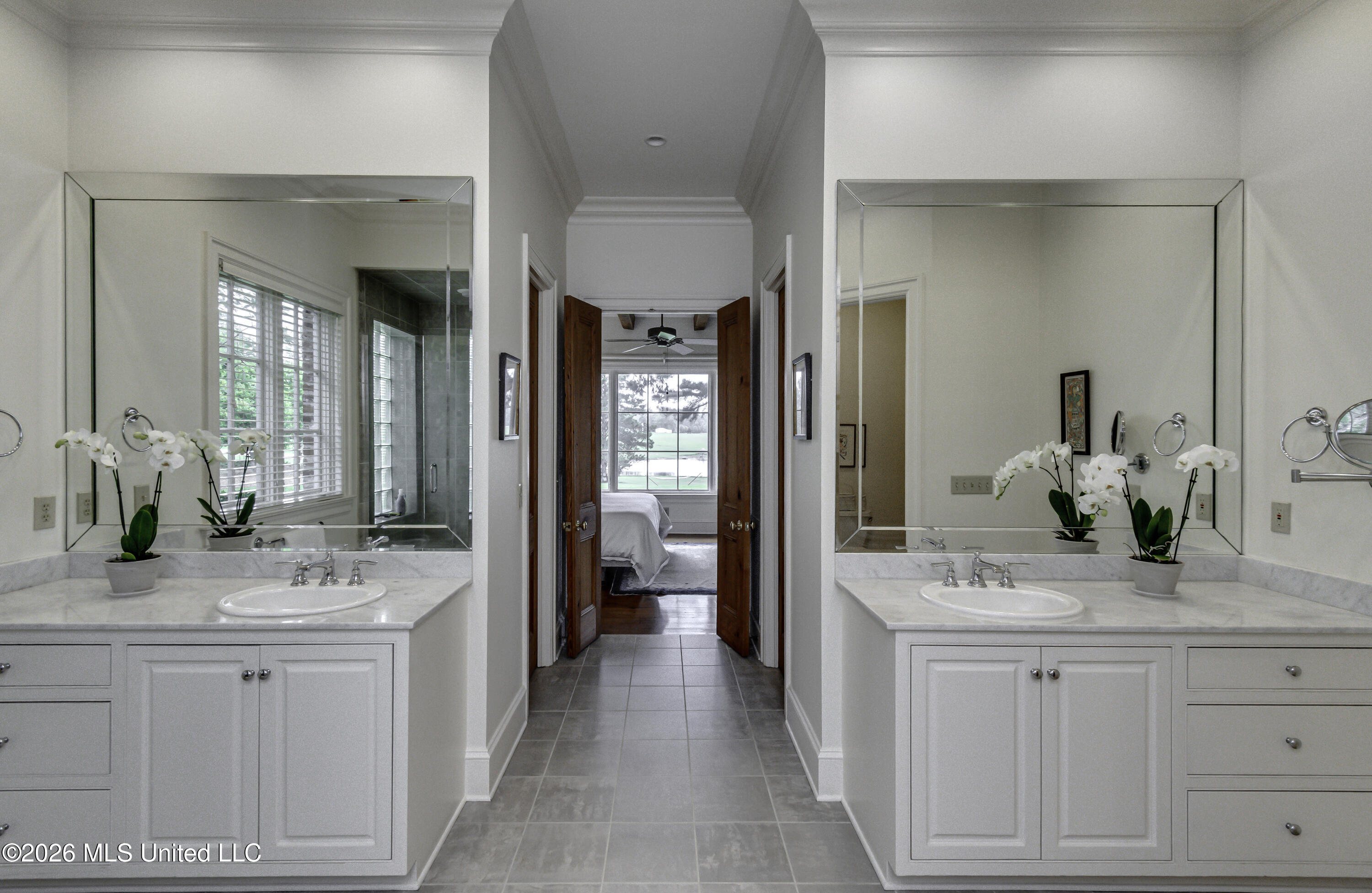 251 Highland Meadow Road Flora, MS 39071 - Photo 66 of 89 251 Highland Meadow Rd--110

---

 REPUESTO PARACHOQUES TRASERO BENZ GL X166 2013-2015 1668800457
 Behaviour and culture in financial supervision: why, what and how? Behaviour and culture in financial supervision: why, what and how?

Task directions> Using the records above, write out exactly the lines between the one holding "REPUESTO PARACHOQUES TRASERO" and the one holding "and how? Behaviour", inclusive; leave everything else out.

Result of the exercise>
 REPUESTO PARACHOQUES TRASERO BENZ GL X166 2013-2015 1668800457
 Behaviour and culture in financial supervision: why, what and how? Behaviour and culture in financial supervision: why, what and how?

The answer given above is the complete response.